Madame Cezanne with Unbound Hair - by Paul Cezanne
The pure oval of the face, its vague eyes and lips, and the cool tones of the painting, suggest a detached, abstract conception of the model. Yet it appears to us a very human portrait, sensitive to the passive and frail in this feminine nature - traits conveyed by delicate means. In the light key, with the almost shadowless face against a light ground, in the exquisite relation of the warm and cool tints of the face to the greyer wall, the painting is Impressionist in spirit. In the Impressionist portraits the inner life of the woman is often overlooked for the sake of an outward charm that requires an open smiling face and features like blossoms. In retaining from this art the softness of the features and the beauty of the skin, Cezanne has produced a tender image of ascetic feeling. It is as if he transferred to his wife his own repression and shyness. Characteristic is the pathetic inclination of the head, an axis of weakness, submission, and self-concern, such as we find in old images of praying and penitent saints - an expression which is completed by the extreme closure of the body, with the high striped dress and the loosened hair falling to the shoulders. The remarkable egg shape of the head is no simple reduction of a more complex form, but a subtle line expressive of the object, an approach to the perfection of a refined, withdrawn nature.

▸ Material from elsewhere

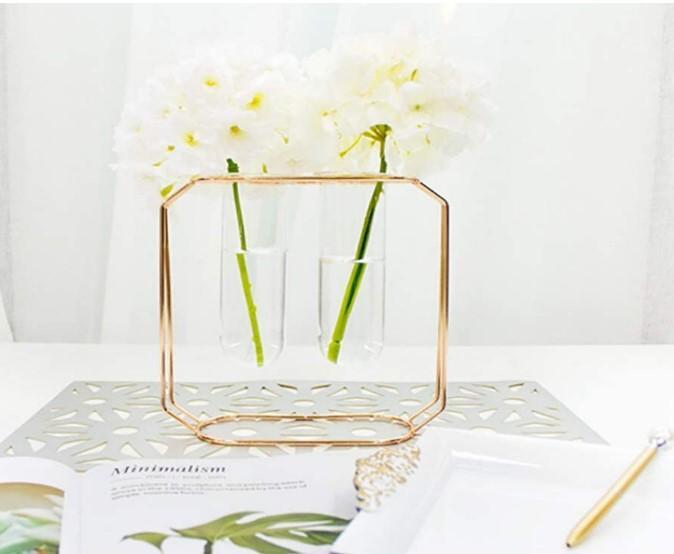 Elegant Golden Metal Frame Glass Vase Stand for Tabletop & Gifting  Best for targeting decor accent buyers and gift shoppers.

This beautiful contour of the face corresponds to the eggshell delicacy of the flesh tones it encloses.
In the creation of this portrait, the added forms that assure the unity of the painting are also expressive parts of the image of Madame Cezanne. The important spot over the head, irregular on one side, straight on the other, like the stripes of the dress, belongs more to her than to the wall; in balancing the head, this vertical form also helps to measure its tilt and the waviness of the hair and costume. On the right shoulder at the sleeve, the odd little puff continues the movement of the hair and accents the inclination of the head. The bands of the dress contribute a soft, wavering current of feeling channeled to the head and prolonged in the silhouette of the hair.
This expressive use of posture, costume, and background recalls the devices in pictures of religious personalities in late mediaeval art, when portrait painting was just beginning to emerge.